Ah, yes. As a Go runtime developer, I really wish Go moved to an 1:1 threading model.
Modern kernels deal with large numbers of threads just fine. People misjudge how cheap kernel threads really are, because there was a time where they were expensive. That time was long ago and that time has passed. Today, threads are very light weight (on operating systems that matter). For example, the Solaris kernel schedules interrupts as threads, they are really that light weight.
There are good reasons POSIX threading is implemented in the kernel on every relevant operating system (finally we have it on OpenBSD too!), even if they all started as N:M or 1:M implementations.
Modern kernels deal with large numbers of threads just fine.
Do you have any performance numbers to back this up?
The last time I saw this claim made someone did some tests on HN and M:N model, for number of threads, blew away what the POSIX threads on Linux could do. That was also without counting any cost in context switches.
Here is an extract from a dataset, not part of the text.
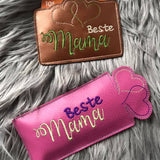 Stickdatei - Set "Beste Mama" (Schokoladenhüllen in div. Größen, Anhänger, Gutschein-Etui etc.)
In the benchmarks I’ve seen in order to get large number of threads one also needs to fiddle with stack sizes and make sure their code doesn’t blow the stack at all compared to something like Go or Erlang which will dynamically resize those things.
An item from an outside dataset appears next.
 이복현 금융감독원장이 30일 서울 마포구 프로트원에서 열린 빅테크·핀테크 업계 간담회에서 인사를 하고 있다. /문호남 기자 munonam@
In could be possible that particular usecases suit 1:1 well enough but in terms of general comparison, everything I’ve seen shows M:N beating 1:1 for number of threads that can be executed.
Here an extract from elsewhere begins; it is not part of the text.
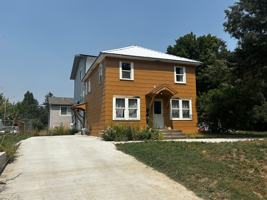 featured image of 446 Lewis St
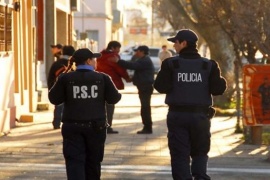 Expulsan a policía luego de abandonar la fuerza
I don’t have any performance numbers but if you want some anecdotes that agree with you:
Intel TBB uses N:M (and Intel are obviously also the ones building the CPUs), and every game released today has some kind of N:M job system. e.g. Destiny, Handmade Hero, Naughty Dog
I don’t have hard numbers on hand, but when “large numbers” exceeds the number of cores, performance declines seem to be small. (My understanding is that this wasn’t always true and it was considered bad practice to have more active threads than cores.) As in, you don’t get killed running 48 threads on a 4-core box and may not need to use thread pools.
When people treat OS threads as if they were free and spawn hundreds of thousands of them, the story is different. Sometimes that can happen intentionally when higher-level abstractions (e.g. actors) are used beyond what they were intended for.
That matches my non-scientific experience. My general rule of thumb is OS threads for throughput, userland threading (or event loop) for latency. I spend most of my time being I/O bound so I use event loops or userland threading. I haven’t seen any indication that this is the wrong choice or that OS threads are competitive in the I/O bounded world as the base unit of concurrency.
This fits my experience with GHC’s RTS as well.